Introduction. The olive-tree (Olea europaea L.) is the principal fruit-bearing species in Morocco. Until now, the somatic embryogenesis of the Picholine olive-tree was very little studied in spite of the importance of this variety in Morocco. We aimed at studying the effects of various culture media on the induction and the development of Picholine somatic embryos. Materials and methods. Whole seed cotyledons of olive-tree were cut after disinfection and explants were put in culture. The embryogenic callus initiation took place on a Murashige and Skoog culture medium, solidified with agar and containing 0.5 mg zeatine·L^–1 combined with various concentrations in naphthalene acetic acid (NAA) ) [(1, 2, 5, 10 and 40) mg·L^–1], control cultures being without growth regulators. After 3 weeks, calli were transferred on a medium either liquid, or solidified by agar or gelerite.
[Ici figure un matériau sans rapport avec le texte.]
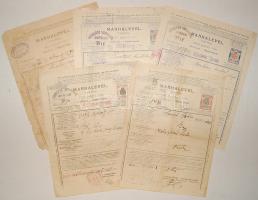 1901-1917 5db marhalevél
After 6 weeks on the induction medium, calli were transferred on a medium maintained liquid or solidified by agar or gelerite, and containing 0.5 mg zeatine·L^–1, in order to support the development of the somatic embryos and, thereafter, their regeneration in seedlings. Induced callus rate and formed callus average weight were measured after 6 weeks of culture on the induction medium. A histological comparison was carried out between embryogenic calli and non embryogenic calli. Results. The callus induction was significantly influenced by the concentration in ANA. The best results were obtained with 2 mg ANA·L^–1 for the callus induction (82,3%) and 5 mg ANA·L^–1 for the callus development (150 mg). The liquid medium proved to be the best for the callus induction and the agar medium supported the callus development and the seedling regeneration by somatic embryogenesis. Gelerite use did not allow any morphogenesis. Regenerated and acclimatized seedlings presented a normal growth in greenhouse. Conclusion. Somatic embryogenesis would be exploitable for the olive-tree micropropagation in Morocco.